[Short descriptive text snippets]
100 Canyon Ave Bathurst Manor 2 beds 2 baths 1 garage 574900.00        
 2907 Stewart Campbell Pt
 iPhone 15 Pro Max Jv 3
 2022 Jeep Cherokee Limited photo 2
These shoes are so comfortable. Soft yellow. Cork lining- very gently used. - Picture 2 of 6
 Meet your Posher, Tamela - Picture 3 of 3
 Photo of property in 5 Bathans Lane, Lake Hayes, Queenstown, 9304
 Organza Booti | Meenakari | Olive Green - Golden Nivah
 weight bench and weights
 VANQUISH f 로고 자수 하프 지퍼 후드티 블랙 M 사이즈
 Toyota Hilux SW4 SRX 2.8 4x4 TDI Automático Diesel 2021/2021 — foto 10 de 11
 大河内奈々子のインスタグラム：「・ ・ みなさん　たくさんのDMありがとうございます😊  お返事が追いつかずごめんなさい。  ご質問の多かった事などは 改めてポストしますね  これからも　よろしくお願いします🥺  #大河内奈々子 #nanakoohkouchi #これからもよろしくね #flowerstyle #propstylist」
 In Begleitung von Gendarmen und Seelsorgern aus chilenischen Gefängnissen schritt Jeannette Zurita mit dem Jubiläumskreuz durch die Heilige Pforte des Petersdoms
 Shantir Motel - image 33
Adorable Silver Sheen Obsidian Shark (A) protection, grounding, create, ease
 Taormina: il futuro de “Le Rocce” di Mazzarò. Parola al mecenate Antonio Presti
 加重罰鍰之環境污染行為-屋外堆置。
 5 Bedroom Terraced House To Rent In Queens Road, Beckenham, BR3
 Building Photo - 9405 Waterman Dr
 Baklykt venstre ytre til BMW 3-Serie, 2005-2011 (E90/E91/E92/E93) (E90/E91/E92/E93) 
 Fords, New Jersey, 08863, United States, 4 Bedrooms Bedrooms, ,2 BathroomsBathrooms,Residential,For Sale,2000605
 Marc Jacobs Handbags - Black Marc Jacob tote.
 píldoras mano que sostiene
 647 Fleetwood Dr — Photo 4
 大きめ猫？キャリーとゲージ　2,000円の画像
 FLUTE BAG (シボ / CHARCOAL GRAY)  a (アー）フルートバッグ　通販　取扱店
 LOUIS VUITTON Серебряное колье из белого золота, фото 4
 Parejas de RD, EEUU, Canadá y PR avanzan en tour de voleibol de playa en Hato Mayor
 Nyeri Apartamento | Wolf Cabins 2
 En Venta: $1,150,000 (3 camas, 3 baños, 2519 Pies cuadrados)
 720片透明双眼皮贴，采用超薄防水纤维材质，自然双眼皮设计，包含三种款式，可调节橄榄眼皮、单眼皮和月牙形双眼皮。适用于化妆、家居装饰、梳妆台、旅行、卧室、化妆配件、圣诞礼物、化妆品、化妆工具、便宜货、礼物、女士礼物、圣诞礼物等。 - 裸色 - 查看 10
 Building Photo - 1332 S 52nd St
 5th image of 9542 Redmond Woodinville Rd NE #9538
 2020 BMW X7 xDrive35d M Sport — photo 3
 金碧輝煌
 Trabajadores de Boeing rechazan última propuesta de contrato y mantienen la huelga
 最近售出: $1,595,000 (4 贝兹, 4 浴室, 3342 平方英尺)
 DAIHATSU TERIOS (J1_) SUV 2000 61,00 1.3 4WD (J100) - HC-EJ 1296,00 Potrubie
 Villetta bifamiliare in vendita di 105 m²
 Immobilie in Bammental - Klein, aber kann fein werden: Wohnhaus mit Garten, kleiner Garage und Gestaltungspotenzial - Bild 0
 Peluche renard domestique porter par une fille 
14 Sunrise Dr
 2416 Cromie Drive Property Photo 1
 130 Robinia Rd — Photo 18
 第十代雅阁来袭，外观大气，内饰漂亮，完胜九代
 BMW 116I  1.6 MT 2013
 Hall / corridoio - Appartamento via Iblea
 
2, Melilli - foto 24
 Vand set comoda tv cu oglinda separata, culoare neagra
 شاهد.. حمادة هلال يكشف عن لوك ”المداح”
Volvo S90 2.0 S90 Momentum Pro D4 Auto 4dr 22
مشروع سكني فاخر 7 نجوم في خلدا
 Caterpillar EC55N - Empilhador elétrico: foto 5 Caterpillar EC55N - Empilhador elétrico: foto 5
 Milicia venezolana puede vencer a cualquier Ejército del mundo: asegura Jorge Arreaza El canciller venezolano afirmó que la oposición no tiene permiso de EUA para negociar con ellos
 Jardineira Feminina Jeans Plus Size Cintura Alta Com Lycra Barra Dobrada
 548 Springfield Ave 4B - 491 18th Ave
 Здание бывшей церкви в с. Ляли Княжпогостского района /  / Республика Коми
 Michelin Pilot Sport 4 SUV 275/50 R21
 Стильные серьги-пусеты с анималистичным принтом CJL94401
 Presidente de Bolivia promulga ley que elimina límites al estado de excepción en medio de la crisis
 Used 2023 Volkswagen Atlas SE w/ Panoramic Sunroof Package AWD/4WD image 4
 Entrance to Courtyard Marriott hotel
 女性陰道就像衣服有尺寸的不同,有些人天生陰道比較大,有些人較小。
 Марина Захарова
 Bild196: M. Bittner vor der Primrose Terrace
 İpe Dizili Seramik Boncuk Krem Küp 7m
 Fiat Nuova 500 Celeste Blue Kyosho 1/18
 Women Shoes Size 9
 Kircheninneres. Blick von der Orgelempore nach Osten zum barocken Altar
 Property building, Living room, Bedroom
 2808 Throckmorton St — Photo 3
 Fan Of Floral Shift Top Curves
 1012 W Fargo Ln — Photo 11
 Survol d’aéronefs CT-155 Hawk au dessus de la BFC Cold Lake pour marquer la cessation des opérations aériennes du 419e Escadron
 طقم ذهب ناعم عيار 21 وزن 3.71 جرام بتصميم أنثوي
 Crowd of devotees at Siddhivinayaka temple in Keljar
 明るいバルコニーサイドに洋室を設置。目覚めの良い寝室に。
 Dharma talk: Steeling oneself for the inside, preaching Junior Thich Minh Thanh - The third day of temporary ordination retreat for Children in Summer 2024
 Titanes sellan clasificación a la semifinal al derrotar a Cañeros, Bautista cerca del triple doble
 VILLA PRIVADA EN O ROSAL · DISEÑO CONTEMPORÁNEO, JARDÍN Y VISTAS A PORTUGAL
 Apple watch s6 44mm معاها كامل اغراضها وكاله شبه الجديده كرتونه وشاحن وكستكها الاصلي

Activity:
Only lines that include "Picture" belong in the answer; return them from the entries above.

Output below:
These shoes are so comfortable. Soft yellow. Cork lining- very gently used. - Picture 2 of 6
 Meet your Posher, Tamela - Picture 3 of 3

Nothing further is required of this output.